Metadata fields not appropriate for the given BAM input will appear in JSON output with a null value.

Filtering

There are two possible filter mechanisms in BamQC: downsampling and quality filtering.

If both are in effect, quality filtering is applied first.

Neither filter is supported by the write_fast_metrics.py script.

Speed considerations

On large BAM files, quality filtering is slow, as it writes a large temporary file containing the reads which pass filters. Omitting quality filtering may result in a substantial speed gain. Downsampling is considerably faster, as the output file written is small.

For example, time taken to process a NovaSeq BAM file (22 GB, 545M reads) was as follows:

  • Quality filtering on, downsampling off: 10 hours
  • Quality filtering on, downsampling on: 67 minutes
  • Quality filtering off, downsampling off: 22 minutes

Downsampling

Overview

Downsampling, in which metrics are computed on a randomly selected subset of reads, may be applied for faster and more efficient data processing.

If downsampling is in effect, metrics derived from CIGAR strings and bedtools are evaluated on the downsampled reads. The estimated value of the metric on the full dataset must be scaled accordingly. For example, if 500 million reads have been downsampled to 1 million, and the reported 'hard clip bases' is 250, there will be approximately 125,000 hard clip bases in the entire BAM file. Metrics derived directly from samtools will always be calculated on the full dataset, without downsampling. The DS column in the summary table records which metrics are affected by downsampling.

bam-qc-metrics can either accept a separate downsampled file as input, or do its own downsampling on the main input BAM file.

Previously downsampled input

A previously downsampled BAM file may be provided to bam-qc-metrics using the --downsampled-bam option to run_bam_qc.py. The slow QC metrics will be run on the BAM file provided. This is helpful if downsampling has already been carried out for other tools such as Picard MarkDuplicates. It also allows downsampling to an exact number of reads, instead of the approximate method used by bam-qc-metrics.

Note that there is no cross-checking as to whether the downsampled input is really a subset of the main input.

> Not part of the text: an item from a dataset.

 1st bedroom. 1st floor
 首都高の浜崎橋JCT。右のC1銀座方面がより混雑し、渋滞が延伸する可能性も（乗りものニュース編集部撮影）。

Downsampling by bam-qc-metrics

Alternatively, bam-qc-metrics can carry out its own downsampling using samtools view -s. This method is fast and preserves read pairs, but does not allow sampling an exact number of reads, as it uses a probability of sampling rather than a fixed sample size. This is a known issue with samtools. A workaround suggested by the samtools developers will be implemented in the OICR bamQC workflow.

The default is downsampling to approximately 1.1 million reads, if the input BAM contains more than this number; and no downsampling otherwise. The default level was chosen so the downsampled file should contain at least 1 million reads. Downsampling can be deactivated, or a custom rate specified, using command-line options. In JSON output, sample_level is the target number of reads to downsample, and sample_total is the actual number of reads returned by samtools.

A fixed random seed is used for downsampling, so results will be consistent on repeated runs of bam-qc-metrics.

Quality filtering

BamQC has an option to exclude reads with alignment quality below a given threshold. The filter is implemented using samtools view -q.

If quality filtering is in effect, the unmapped reads metric is computed only on reads which failed the filter -- because by definition, an unmapped read does not have an alignment quality. All other metrics are computed only on reads which passed the filter.

Special case: Sequence mismatches

The mismatched bases field may not be consistent with the mismatch-by-cycle fields for each read.

The former is derived from samtools stats SN; the latter from samtools stats MPC with a given alignment reference.

Note also that samtools stats MPC reports a number of cycles 1 greater than the actual number in the BAM file. For example, a 101-base read will have an entry for cycle 102 with zero mismatches. This value is retained in JSON output for consistency with the samtools results.